So… my own honor was called out today.
My own family demanded to know what happened to my Blackberry Curve. I had asked “Why? What’s up?” and got the “Oh… you could give it to one of us in the family or we could sent it to Vietnam” response. I found this odd because of a few factors:
- My parents and my sister don’t like smartphones. They have always made fun of me for my love of smartphones. “Why is it like a mini-computer? Isn’t that foolish from the small screen size?” They never shared my passion of being able to have life prioritized all in my finger tips.

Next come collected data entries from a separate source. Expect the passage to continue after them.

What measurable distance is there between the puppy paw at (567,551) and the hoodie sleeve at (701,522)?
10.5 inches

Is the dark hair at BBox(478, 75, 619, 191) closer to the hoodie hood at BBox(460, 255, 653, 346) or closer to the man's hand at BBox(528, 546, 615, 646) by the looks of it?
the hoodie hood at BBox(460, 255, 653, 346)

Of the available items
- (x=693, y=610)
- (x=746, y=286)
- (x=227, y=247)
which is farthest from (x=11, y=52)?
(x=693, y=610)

- Most of the Vietnamese public has gone gone ga-ga over the iPhone so phones like Blackberries and other phones have gotten the backseat from how everyone there wants one. I’d assume my Blackberry would not be appreciated and well… It wouldn’t be cared for by someone who’d honestly kill for a good phone.

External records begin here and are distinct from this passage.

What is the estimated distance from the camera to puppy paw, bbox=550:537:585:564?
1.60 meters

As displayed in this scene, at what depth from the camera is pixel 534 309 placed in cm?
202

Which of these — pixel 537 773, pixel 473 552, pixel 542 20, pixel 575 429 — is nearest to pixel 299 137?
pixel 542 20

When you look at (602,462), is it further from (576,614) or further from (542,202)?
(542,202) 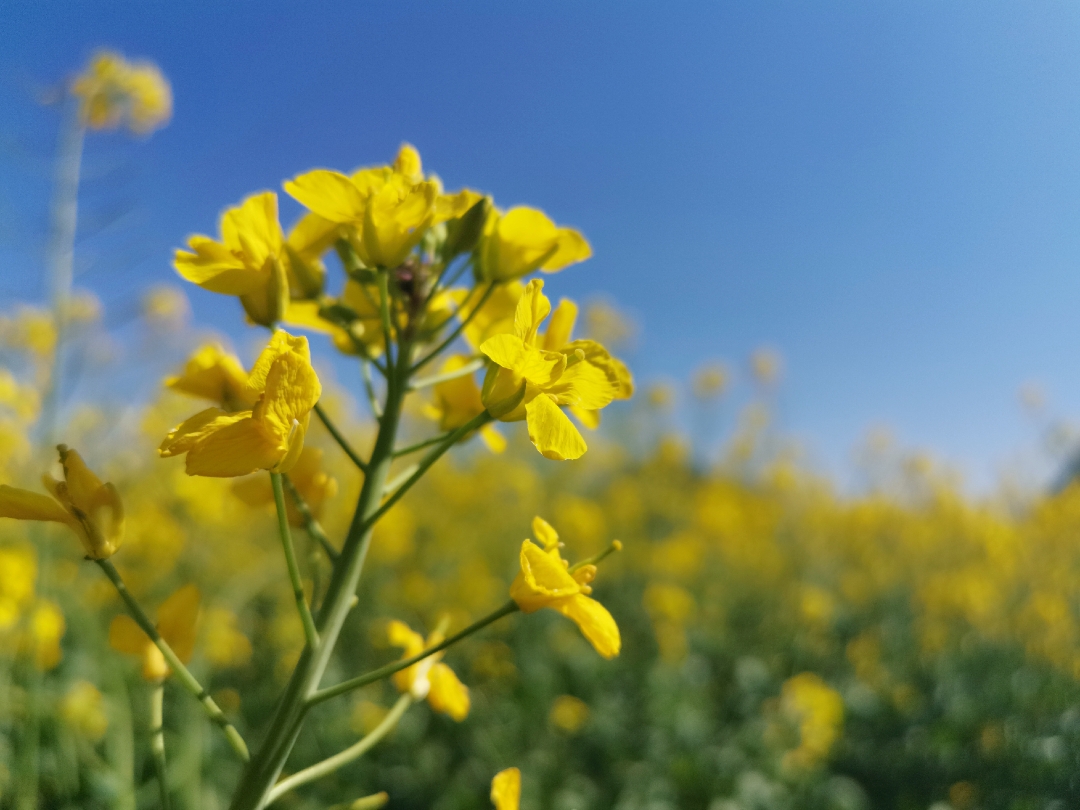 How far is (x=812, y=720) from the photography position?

I had intended to give it to my cousin Sol, ’cause his Sony Ericsson P910a had not been to kind to him with dropping text messages and other. I like being charitable to Sol, because to me… He’s not just my cousin, but he’s one of the closest friends to me. So on mentioning my intentions of giving Sol my old Blackberry Curve 8310 so he could have a decent phone…
Apparently, thinking that Sol is like blood was bad form. My family decided to remind me that even cousins, aunts, and uncles can’t be trusted and the schism they had with my uncle and aunt back in the day… I have told them that Sol and I have been friends through thick and thin… but that got me into the “You’re a foolish idiot” mess.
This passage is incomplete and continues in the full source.